Andreas Ziegelbäck: “Ich bin vermutlich die falsche Person, der man eine solche Frage stellt. Ich liebe gedruckte Partituren, ganz einfach, weil ich Noten auch haptisch „begreifen“ möchte. Ich möchte Einzeichnungen machen und blättern können. Sobald mir ein Stück gefällt oder interessant vorkommt, kaufe ich mir die Partitur, weil ich darin regelrecht stöbern möchte. Das ist auf einem Computerbildschirm oder einem Tablet finde ich nicht dasselbe. Von daher hoffe ich, dass sich gedruckte Blasorchesternoten noch halten werden. Ich gehe aber stark davon aus, dass es nicht mehr lange dauern wird, und die gedruckten Noten sind passé. Ich bin in puncto digitales Notenmaterial wirklich nicht auf dem neuesten Stand, aber die offensichtlichste Gefahr ist, dass Noten gescannt und breitenwirksam verschickt oder im schlimmsten Fall sogar verkauft werden, ohne dabei Rücksicht auf die Urheberrechte zu nehmen. In Zukunft wird es wahrscheinlich aber auch Möglichkeiten geben, Noten digital zu „markieren“ und so den Zugang zum Material auf jene zu beschränken, die sich diese auch auf legale Weise erworben haben. Und wer weiß, vielleicht lässt sich so auch das illegale Kopieren und Weitergeben eindämmen. Es gibt also mit Sicherheit Chancen und Risiken, was aber auch auf Noten in gedruckter Form zutrifft. Am Ende bleibt mir aber wahrscheinlich nichts anderes übrig, solchen Entwicklungen offen gegenüberzustehen und mit ihnen umgehen zu lernen. Bis dahin werde ich mir aber noch viele gedruckte Partituren anschaffen.”

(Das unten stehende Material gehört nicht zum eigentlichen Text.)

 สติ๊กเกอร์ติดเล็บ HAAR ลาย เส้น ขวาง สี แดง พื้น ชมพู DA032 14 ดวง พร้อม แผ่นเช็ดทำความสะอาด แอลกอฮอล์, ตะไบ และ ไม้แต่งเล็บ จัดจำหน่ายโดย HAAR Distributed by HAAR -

Die veröffentlichten Werke für Blasorchester von Andreas Ziegelbäck
Bleak Forest
Jetstream
Golden Fairytales
Young Symphonics
Festive Opening
Phenomenon
Vita Andreas Ziegelbäck
Andreas Ziegelbäck wurde 1997 in Wels (Oberösterreich) geboren. Er besuchte in seiner Jugend den Instrumentalzweig des Adalbert Stifter Gymnasiums in Linz. Nach der Matura studierte er an der Universität Mozarteum Salzburg Musikerziehung und an der Paris Lodron Universität Geschichte. Neben dem Studium absolvierte er eine vierjährige Ausbildung im Fach Dirigieren/ Ensembleleitung beim Dirigenten und Komponisten Thomas Doss, welche er 2018 abschloss. Doss war es auch, der das Interesse am Komponieren weckte. Es folgte ein Studium in Komposition bei Johannes Maria Staud an der Universität Mozarteum Salzburg, welches 2021 abgeschlossen wurde. 2020 war er Teilnehmer einer Masterclass für Brass Band Komposition bei Oliver Waespi in Bern mit anschließender Uraufführung durch die Swiss Army Brass Band. 2022 gewann er mit seinem Stück „Bleak Forest“ (Grad 2,5) den Kompositionswettbewerb der VLAMO in Belgien. Der Fokus der kompositorischen Arbeit liegt auf Werken für Blasorchester, Brass Band und Fanfare Band, wobei auch Ensembleliteratur einen hohen Stellenwert im Schaffen von Andreas Ziegelbäck hat. Seit seinem 20. Lebensjahr ist er auch als Dirigent bei verschiedensten Blas- und Streichorchestern tätig. Seit September 2023 studiert er Blasmusikdirektion mit dem Schwerpunkt Komposition an der Hochschule der Künste Bern bei Rolf Schumacher, Phillipe Bach und Oliver Waespi. Seine Werke sind seit 2023 im Verlag Symphonic Dimensions Publishing (vertrieben von Hal Leonard) erhältlich.